Task goal
What follows is a set of records, each of which is to be written out exactly.

Available records
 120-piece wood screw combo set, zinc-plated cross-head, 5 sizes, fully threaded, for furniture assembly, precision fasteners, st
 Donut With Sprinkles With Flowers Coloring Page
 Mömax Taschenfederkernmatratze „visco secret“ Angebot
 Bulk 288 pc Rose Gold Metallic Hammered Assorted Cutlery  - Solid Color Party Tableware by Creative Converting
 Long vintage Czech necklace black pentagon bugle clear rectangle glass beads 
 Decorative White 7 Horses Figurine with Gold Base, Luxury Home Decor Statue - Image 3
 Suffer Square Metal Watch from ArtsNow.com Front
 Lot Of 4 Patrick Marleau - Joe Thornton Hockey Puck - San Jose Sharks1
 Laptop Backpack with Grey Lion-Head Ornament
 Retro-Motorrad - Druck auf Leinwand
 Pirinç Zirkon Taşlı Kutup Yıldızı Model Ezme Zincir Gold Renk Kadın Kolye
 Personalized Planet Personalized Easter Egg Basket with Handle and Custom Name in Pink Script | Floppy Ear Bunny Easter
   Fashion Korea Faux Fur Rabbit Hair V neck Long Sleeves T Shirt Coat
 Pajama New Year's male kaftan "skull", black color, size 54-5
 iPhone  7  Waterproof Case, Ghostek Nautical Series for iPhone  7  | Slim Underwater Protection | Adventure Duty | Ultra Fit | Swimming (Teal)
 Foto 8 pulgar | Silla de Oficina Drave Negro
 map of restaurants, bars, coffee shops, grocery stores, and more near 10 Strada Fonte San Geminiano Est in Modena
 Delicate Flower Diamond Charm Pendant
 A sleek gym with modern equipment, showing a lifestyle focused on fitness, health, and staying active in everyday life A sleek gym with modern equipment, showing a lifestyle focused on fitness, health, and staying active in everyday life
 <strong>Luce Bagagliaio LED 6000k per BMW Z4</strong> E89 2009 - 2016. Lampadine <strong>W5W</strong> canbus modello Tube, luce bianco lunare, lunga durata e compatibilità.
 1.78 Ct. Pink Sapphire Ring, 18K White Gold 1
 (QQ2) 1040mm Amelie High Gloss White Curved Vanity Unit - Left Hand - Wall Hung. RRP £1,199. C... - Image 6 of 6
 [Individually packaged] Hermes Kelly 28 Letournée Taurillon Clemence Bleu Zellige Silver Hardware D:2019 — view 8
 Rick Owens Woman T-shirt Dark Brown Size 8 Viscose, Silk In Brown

Answer for the task
 120-piece wood screw combo set, zinc-plated cross-head, 5 sizes, fully threaded, for furniture assembly, precision fasteners, st
 Donut With Sprinkles With Flowers Coloring Page
 Mömax Taschenfederkernmatratze „visco secret“ Angebot
 Bulk 288 pc Rose Gold Metallic Hammered Assorted Cutlery  - Solid Color Party Tableware by Creative Converting
 Long vintage Czech necklace black pentagon bugle clear rectangle glass beads 
 Decorative White 7 Horses Figurine with Gold Base, Luxury Home Decor Statue - Image 3
 Suffer Square Metal Watch from ArtsNow.com Front
 Lot Of 4 Patrick Marleau - Joe Thornton Hockey Puck - San Jose Sharks1
 Laptop Backpack with Grey Lion-Head Ornament
 Retro-Motorrad - Druck auf Leinwand
 Pirinç Zirkon Taşlı Kutup Yıldızı Model Ezme Zincir Gold Renk Kadın Kolye
 Personalized Planet Personalized Easter Egg Basket with Handle and Custom Name in Pink Script | Floppy Ear Bunny Easter
   Fashion Korea Faux Fur Rabbit Hair V neck Long Sleeves T Shirt Coat
 Pajama New Year's male kaftan "skull", black color, size 54-5
 iPhone  7  Waterproof Case, Ghostek Nautical Series for iPhone  7  | Slim Underwater Protection | Adventure Duty | Ultra Fit | Swimming (Teal)
 Foto 8 pulgar | Silla de Oficina Drave Negro
 map of restaurants, bars, coffee shops, grocery stores, and more near 10 Strada Fonte San Geminiano Est in Modena
 Delicate Flower Diamond Charm Pendant
 A sleek gym with modern equipment, showing a lifestyle focused on fitness, health, and staying active in everyday life A sleek gym with modern equipment, showing a lifestyle focused on fitness, health, and staying active in everyday life
 <strong>Luce Bagagliaio LED 6000k per BMW Z4</strong> E89 2009 - 2016. Lampadine <strong>W5W</strong> canbus modello Tube, luce bianco lunare, lunga durata e compatibilità.
 1.78 Ct. Pink Sapphire Ring, 18K White Gold 1
 (QQ2) 1040mm Amelie High Gloss White Curved Vanity Unit - Left Hand - Wall Hung. RRP £1,199. C... - Image 6 of 6
 [Individually packaged] Hermes Kelly 28 Letournée Taurillon Clemence Bleu Zellige Silver Hardware D:2019 — view 8
 Rick Owens Woman T-shirt Dark Brown Size 8 Viscose, Silk In Brown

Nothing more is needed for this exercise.